Actualizado: 11 ene 2024


Me encuentro frente al mar del Golfo de Nicoya, contemplando el atardecer. En estos instantes, la marea ha subido hasta cubrir las raíces de los mangles. Poco a poco, las manchas de colores que minutos antes fueron Sol, ahora se desvanecen en el horizonte y comienzan a apagarse. Lánguidamente, se escuchan unas gaviotas que cantan desde el muelle despidiéndose del día.


Acantilado frente al mar. Foto propia.


Se empieza a tornar cada vez más oscuro, tanto que ya casi no puedo distinguir la tinta que voy dejando sobre mi libreta. Pronto todo está cubierto de la conocida negrura inmensurable, pero yo continúo, contemplando, admirando. Más que ver las letras, lo voy viendo todo en mi mente y sintiendo en mi corazón.

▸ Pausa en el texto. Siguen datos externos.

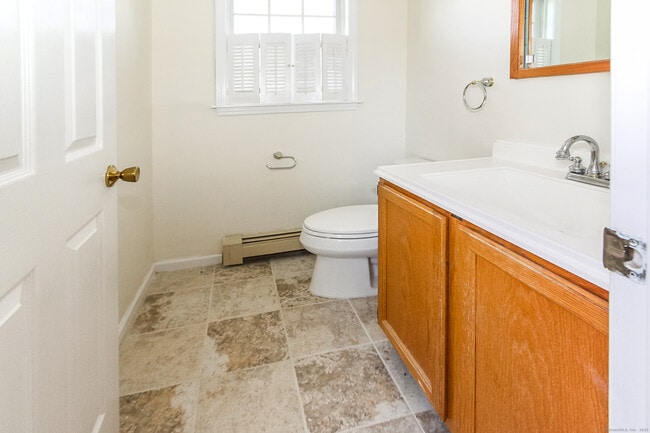 Building Photo - 107 Benson Pl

El mar está muy tranquilo, apenas ahoga y desahoga la orilla. Aunque es inmenso, ante mí solo está esa porción que se logra internar en el golfo. La fuerza de la marea ha quedado atrás. Por lo que solo escucho un incesante ir y venir de las olas que rompen suavemente. Miro el muelle y noto que ya casi está cubierto por completo. Está construido con unos viejos trozos de madera, que ahora cubren los percebes, la sal y el tiempo, pero aún resiste.


Muelle. Foto propia.


En este momento, un grupo grande de aves está cruzando el mar. Está realmente oscuro para distinguirlos fielmente, pero asumo que son pelícanos. Unas pequeñas embarcaciones se adentran al mar, con un apenas perceptible tintineo de luces.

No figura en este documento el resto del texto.